Roots are a good place to start when writing a story. It looks back to the past and the sprouts that came with it as it matured to either a withered, gnarled sinew that was once a tree or to something like Shel Silverstein wrote about.
Tracing that root is crucial. For some writers, it was addiction, depression, war, curiousity, anger, fear and to swaggerjack Vonnegut, "so it goes." I think one good thing to have as roots should be a moral idea or vice versa.
Just picture an idea planted in moral values or dilemmas. But that doesn't mean the story should be that of good triumphs over evil but the main fact that a moral code exists. Yes, there are a lot of things to judge in a moral perspective: the police officer who deliberately takes his mind off paying fare on public transpo, wearing a badge on his chest or that young woman looking all professional with her fitted skirt and clean top knot who prefers to remain sitted after seeing a pregnant woman holding her elder child up on one hand, she just keeps on tinkering with her iPhone.

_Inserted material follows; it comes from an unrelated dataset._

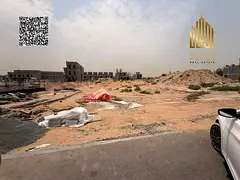 Lowest Price 420k, 160m Plot, P6, Al Helio 2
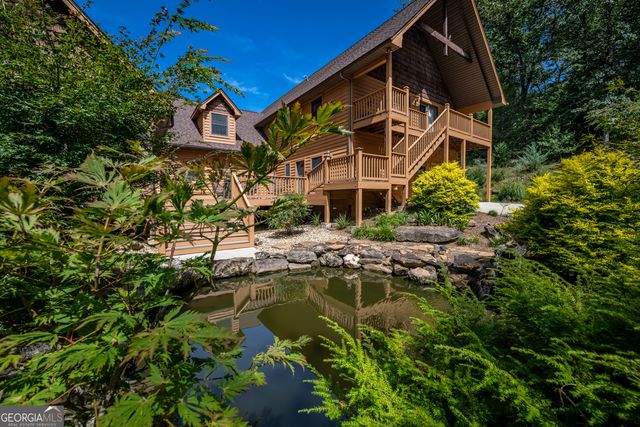 198 Stonecreek Drive, Franklin, NC 28734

To come from such moral vantage point would be to have character but it still does not translate to a clear template. I should not be judgmental to be moral but who shall judge these people? Let's decide it with a coin toss, or a trip to Dresden, or a long sermon on what happens to simple bad persons. The perspective is different and maybe, the lines shall never meet at a common point but somethings have to start somewhere. But wouldn't it be interesting to see more of a villain with a moral code he so personally conducts upon himself and others. Or a hero with such a difficult moral crisis that you wonder if it is at all possible for her to get out in time.
I can't think of things to say in this post. Things are just getting scrambled. Parting shot: we are all sphincters, one time or another. We can live as we wish but that does not mean we cannot be kept in our own codes.